A ação de conhecer na infância é
pautada no fazer, nos diferentes modos de sentir e descobrir as qualidades
sensíveis da matéria, tal como pontuava Gaston Bachelard (1991). Um fazer
intrinsecamente associado à atitude lúdica, a curiosidade, a observação da ação
e reação desencadeadas, instigadas pelo encontro intimo e intenso, neste caso,
dos bebês com a argila.
A cada novo encontro das crianças
pequenininhas com a argila, novos desafios lhe são colocados, apresentados.
Isto faz com que elas sejam provocadas de modos diversos pelas qualidades da
matéria. Elas já se aventuraram pela lama e criaram uma trama visual única como
a divulgada na postagem anterior, na qual mergulharam de corpo inteiro
reafirmando o prazer em brincar com a água e a lama, fazer “misturinhas”, de
provar-provocar as forças da imaginação criadora que se faz visível nos gestos
que marcam a argila.
“(...) o barro é um
meio para a imaginação se realizar, fonte constitutiva de imagens, sendo a terra
e a água os elementos “operadores de imagens”, no dinamismo mesmo do imaginar.
O imaginário adquire uma realidade particular na medida em que a imaginação é
geradora não apenas de formas, mas de valores e qualidades que apelam para a
sensibilidade, recuperando para a imaginação seu papel de risco, perigo e
criação, jamais identificada como função evasiva, mas como da transformação: é
jogo de forças, embate entre forças humanas e naturais” (RICHTER e BLAUTH,
2001, p.03).
Formas, valores e qualidades que são
por nós visualizados quando estamos com as crianças no ato mesmo da criação,
mas também quando organizamos os registros por nós elaborados.
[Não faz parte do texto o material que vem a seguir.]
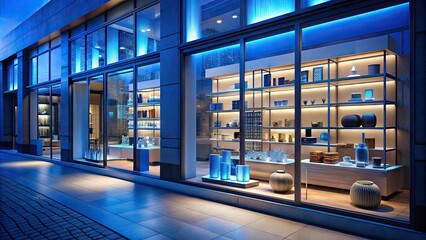 calm atmosphere in a modern retail store with blue illuminated shelves featuring various products and attractive window displays in the evening.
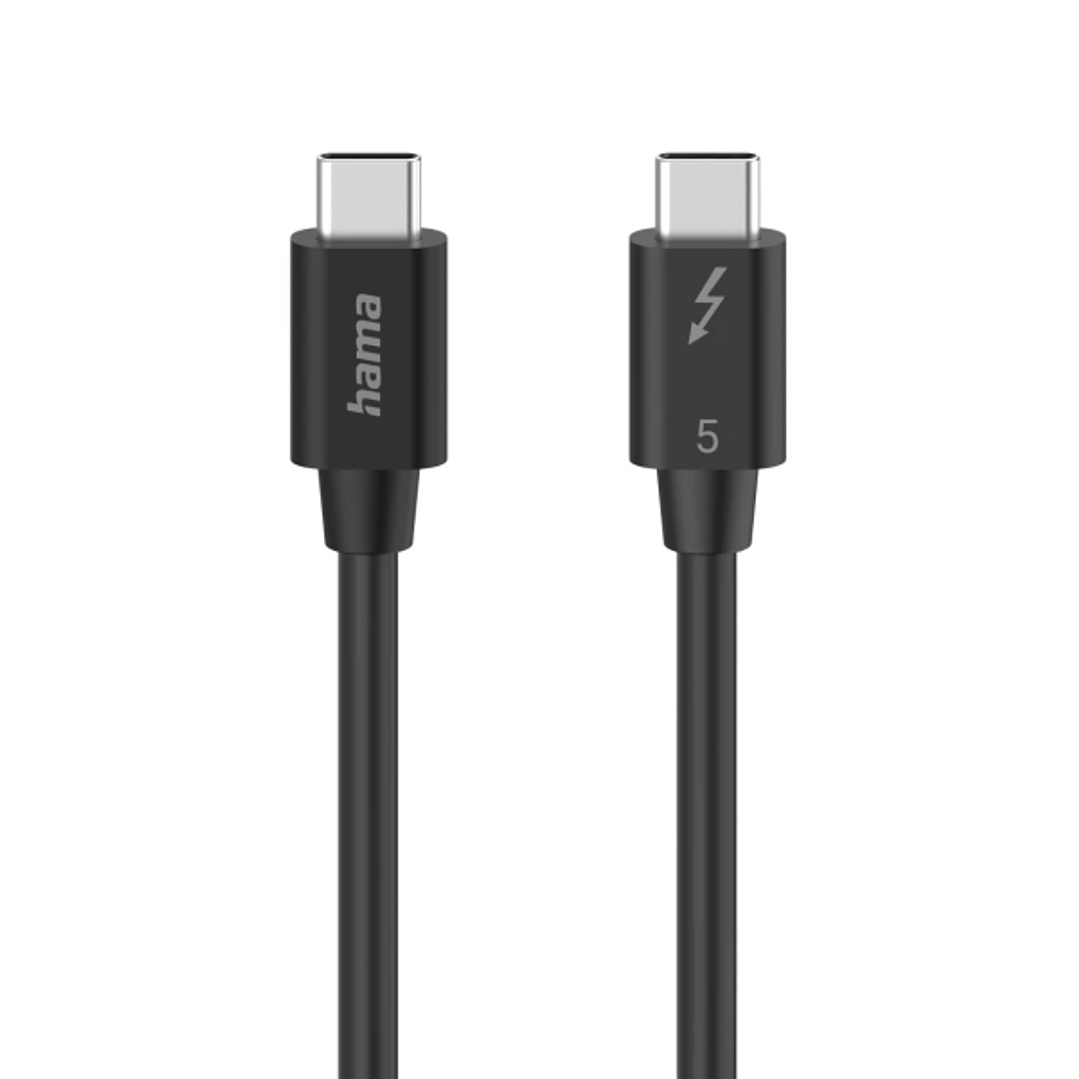 Hama Essential Cable USB-C Macho - Longitud 1m - Velocidad hasta 80Gbps - Blindaje Doble - Color Negro 1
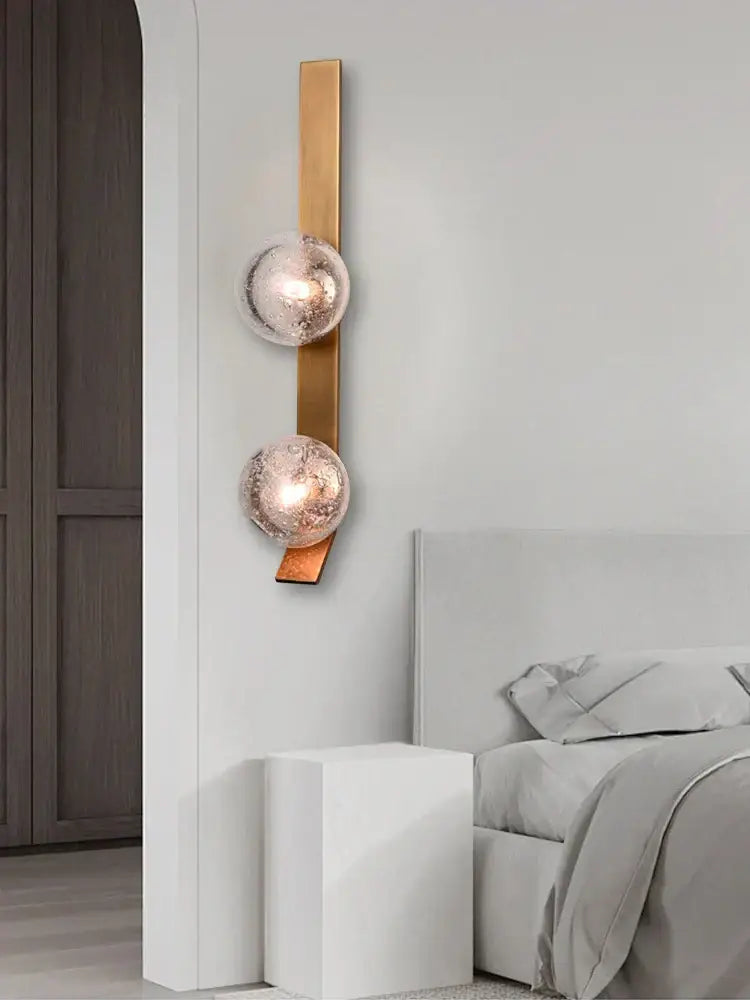 Modern brushed brass and frosted glass wall sconce lamps bedroom set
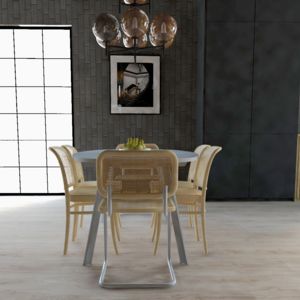Loft Art Deco | Klinkier Röben Aarhus antracytowy wykorzystany jako okładzina ścian wewnętrznych i jasna wykładzina FORBO Allura Wood stanowią bazę wystroju. Sercem przestrzeni jest owalny stół MARO. Wyoblenia zainspirowane stołem powtarzają się w zabudowie kuchni, całość ozdabiają zdjęcia Brodziak Gallery.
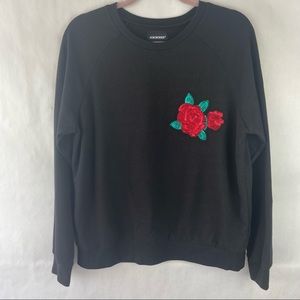 Joe Boxer Black Crew Neck Sweater w/ Sequin Rose Decal Size XL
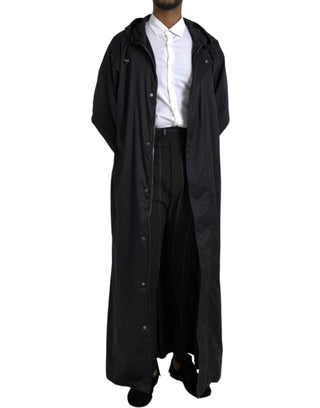 Schwarzer Kapuzen-Windbreaker-Mantel aus Polyester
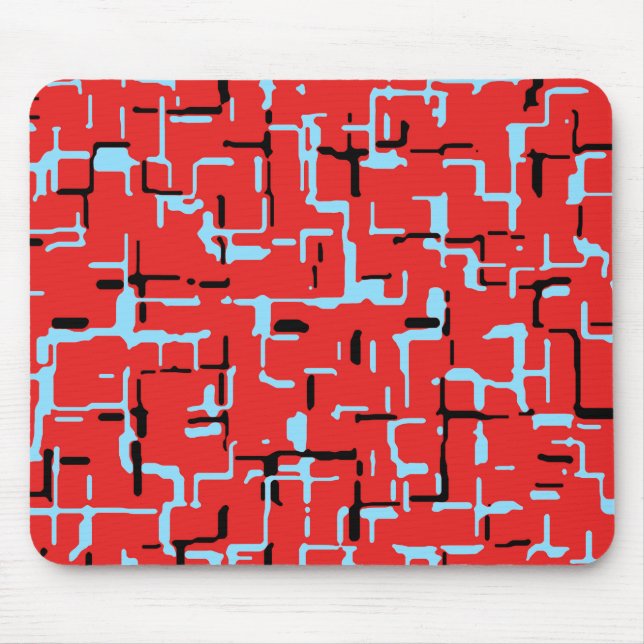 Red Black Blue Cool Pattern Mouse Pad (Front)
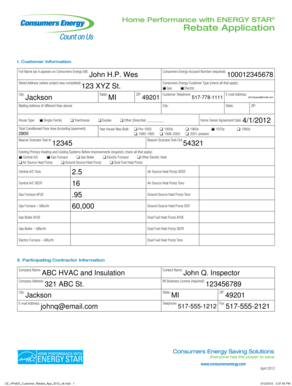 Home Performance with ENERGY STAR Rebate Application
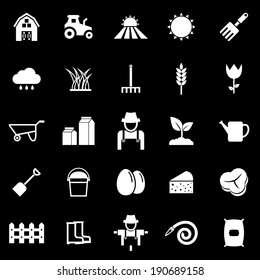 Farming icons on black background, stock vector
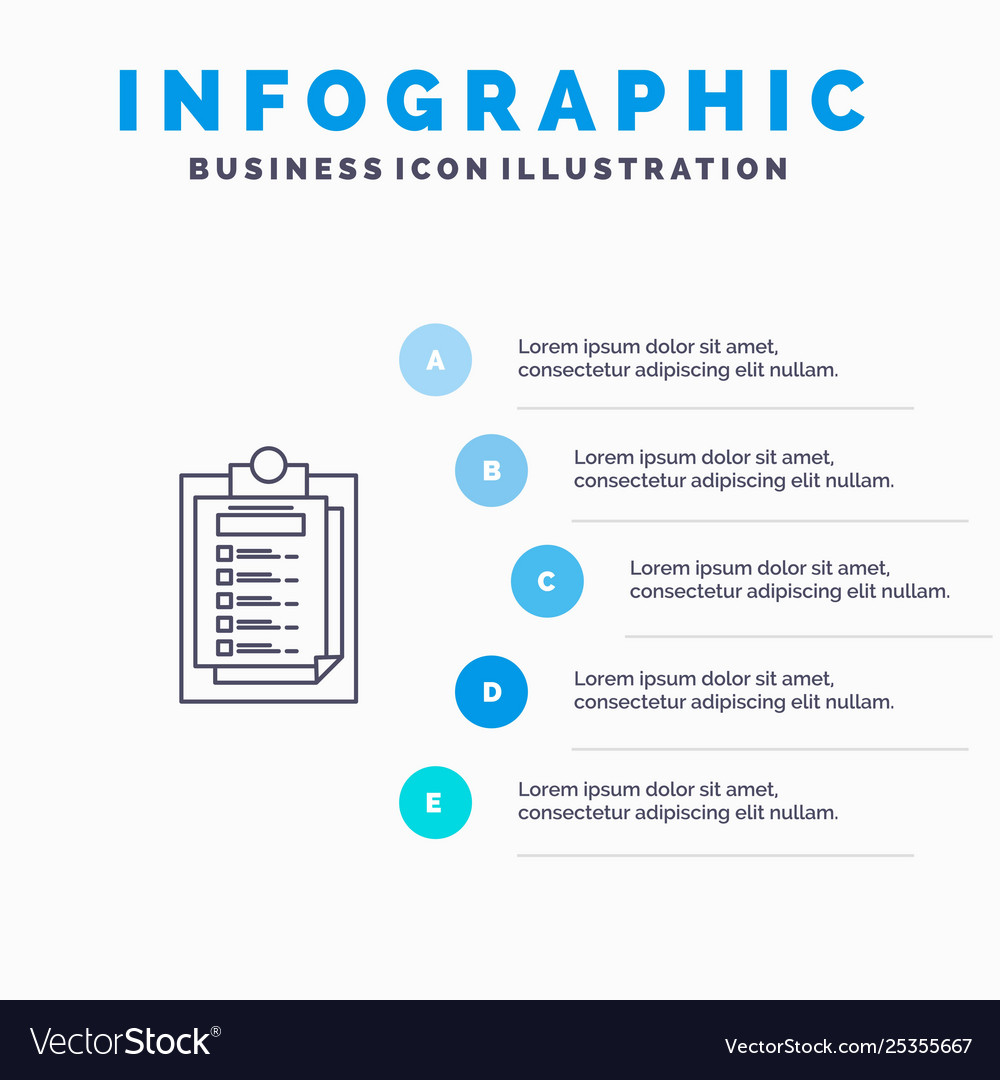 Card presentation report file line icon with 5 Vector Image Card presentation report file line icon with 5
Uma forma de
organizar e criar outras significações para o vivido é a construção de pequenos
vídeos a partir das imagens fotográficas. Este movimento levou os bolsistas do
projeto: Lucas de Mello e Fernanda Hartmann, a assumirem também o papel de “produtores”
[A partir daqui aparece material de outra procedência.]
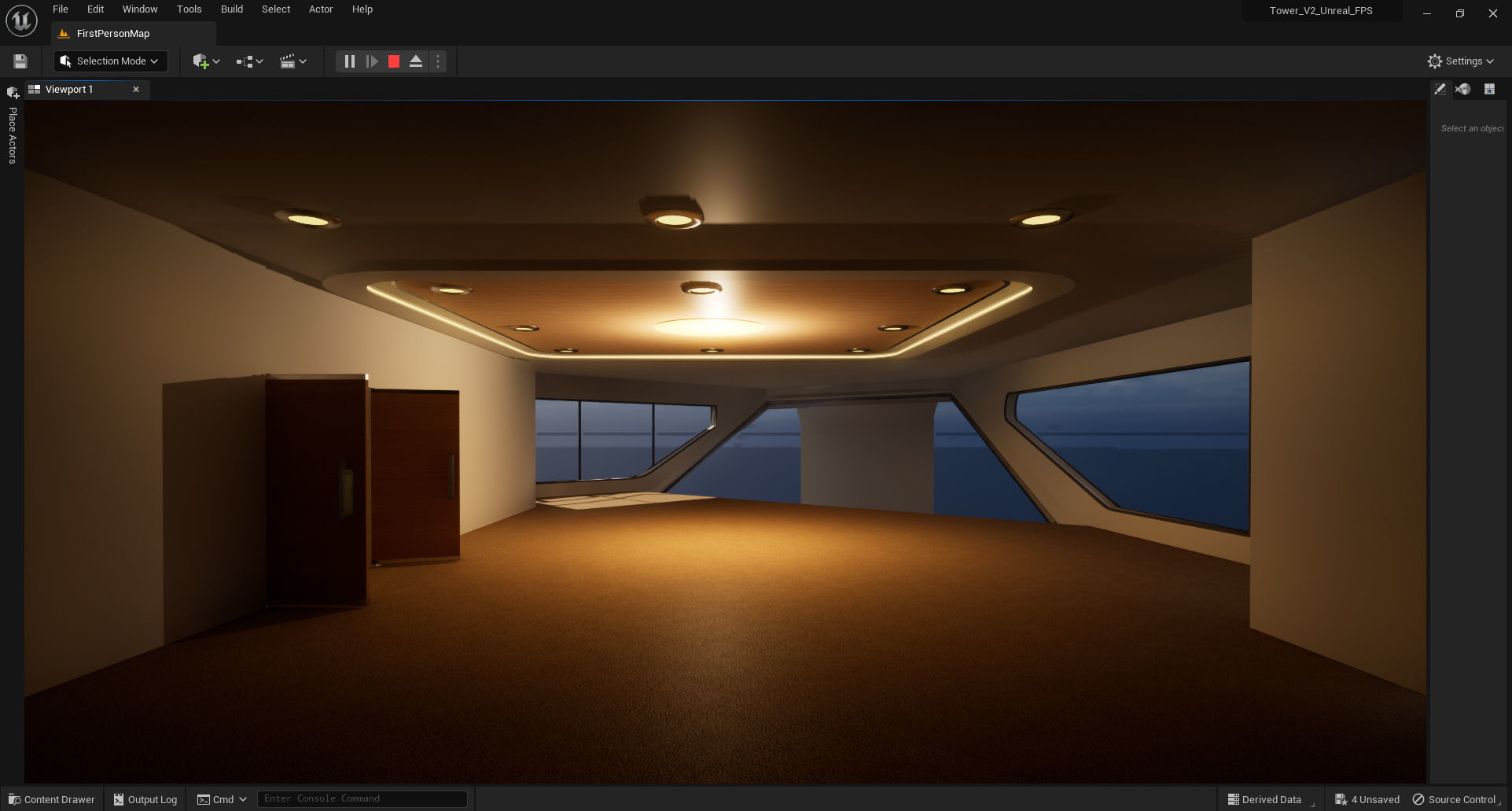 Tower - Rooftop and Inside - 3 floors Low-poly 3D model_16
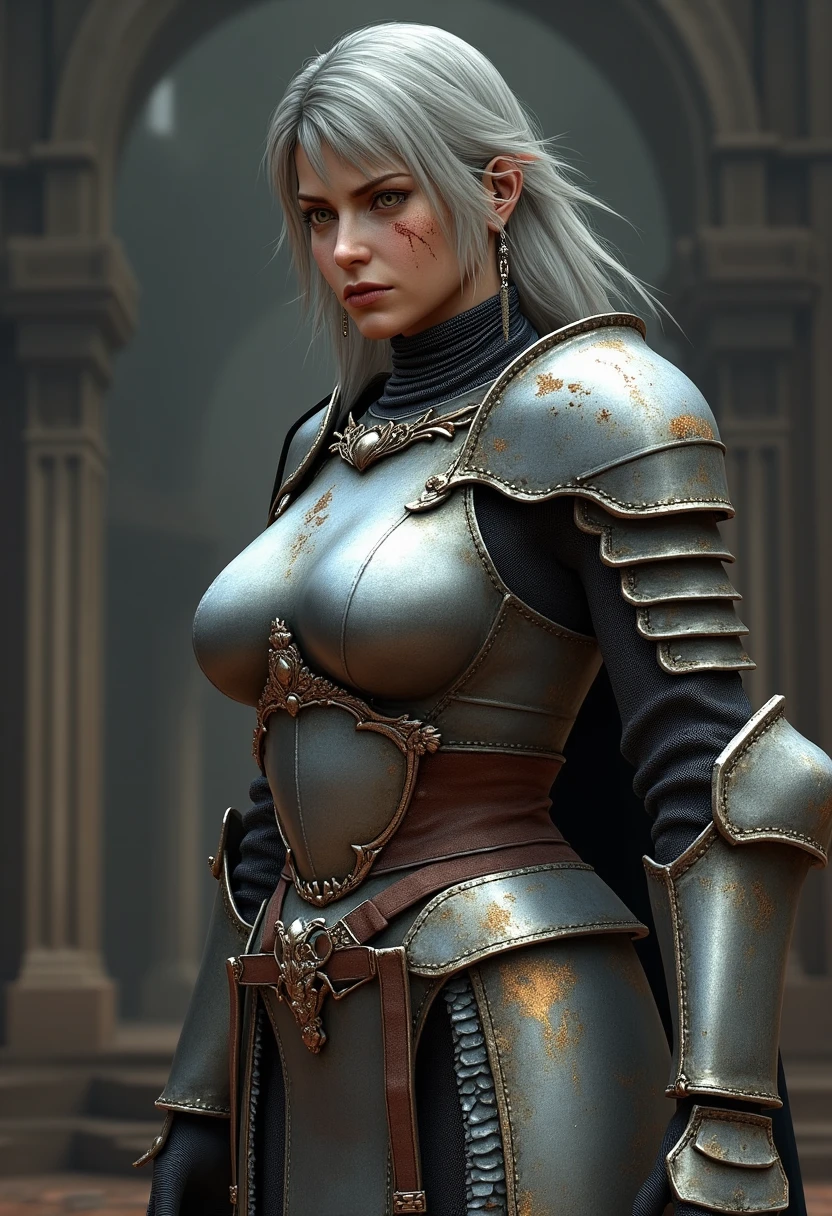 full-length pro photo, full-body, detailed face, (masterpiece), detailed grey eyes, silver hair, braided hair, ponytail, female warrior, bikini armor, armor, metal armor, angry expression, athletic body, abs, defined arms, muscular, (glossy:1), oily skin, intricate design, (bimbo:0.5), big breasts, castle background, medieval, barracks, high quality, intricate, highly detailed, trending on artstation 2k, 4k, 8k, hdr, highres, absurdres, best quality, cinematic lighting, professional, epic, very detailed, highest quality, ultra-detailed, extremely detailed, powerful impression, hyperdetailed, hyperrealistic, hypermaximalist, extremely intricate, CG, unity, (high-definition)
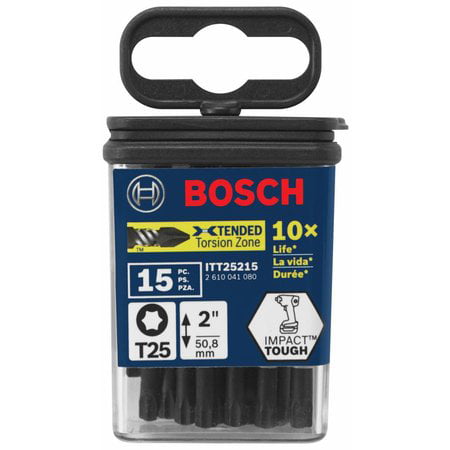 Bosch 15 Pack of Impact Tough 2 Inch Torx #25 Power Bits # ITT25215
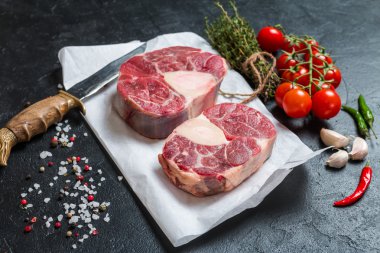 Raw veal shank slices meat clipart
destas visualidades audiovisuais. Uma proposta desafiadora para ambos,
considerando que os mesmos nunca haviam trabalhado com programas de edição de
imagens, construído roteiros ou mesmo participado de processos semelhantes na
vida acadêmica ou particular. Uma tarefa que, segundo eles os possibilitou
conhecer e lidar com linguagens que no curso normal de formação acadêmica não tiveram
a ate então a possibilidade de conhecer. Esta proposição, na sua execução, nos
leva (coordenadores e bolsistas) a refletir sobre que observamos e registramos,
a perceber com maior clareza a forma como estamos nos relacionando com os bebês,
como estamos orientando o processo, nos colocando nele. Assim, compartilhamos
com vocês os vídeos produzidos pelos bolsistas e que fazem parte deste processo
do nosso percurso de documentação do Projeto, buscando dar visibilidade de processos
imaginativos geradores “não apenas de formas, mas de valores e qualidades que
apelam para a sensibilidade, recuperando para a imaginação seu papel de risco,
perigo e criação” (RICHTER e BLAUTH, 2001,p.03).
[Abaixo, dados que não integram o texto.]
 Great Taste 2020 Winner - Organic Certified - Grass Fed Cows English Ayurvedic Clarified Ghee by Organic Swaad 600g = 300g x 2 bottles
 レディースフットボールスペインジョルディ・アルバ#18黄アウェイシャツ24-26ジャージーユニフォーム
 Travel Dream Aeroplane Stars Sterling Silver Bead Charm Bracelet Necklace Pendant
O processo de documentação dos
fazeres com os bebês tem nos possibilitado, cada vez mais, (re)significar a
beleza sensível das suas descobertas e das visualidades que são engendradas no
embate entre as suas ações e os blocos de argila, ou ainda, das suas ações com
as misturas de cores diversas criadas com terra. É preciso lembrar que a
documentação pedagógica não é uma “observação da criança”, mas é uma tentativa
de olhar e compreender o que esta acontecendo na pratica pedagógica e o que os
bebês são capazes de criar sem qualquer estrutura de normas e expectativas
predeterminadas ou fixadas.
Este processo permite a
construção de uma proposta pedagógica reflexiva e comunicativa e coloca todos
os adultos envolvidos na construção de um relacionamento ético entre nós mesmos
e a comunidade de modo mais amplo. Ao mesmo tempo, a documentação é
indispensável para os discursos edificação de significados que temos divulgado
neste blog e em outros espaços de discussão e reflexão sobre as práticas
artístico-pedagógicas com os bebês. Assim, assumimos e compartilhamos a
responsabilidade pela construção destes significados, sendo que eles nos
permitem chegar às nossas próprias decisões e construir as criticas sobre elas.
Tendo em vista que a documentação
é compreendida por nós como construção, as visualidades que a compõem,
igualmente são assim compreendidas. Ou seja, não representam “a realidade”, mas
o que conseguimos captar dela, o que escolhemos registrar dela. Assumimos então,
que ela é parcial, seletiva e sempre contextual.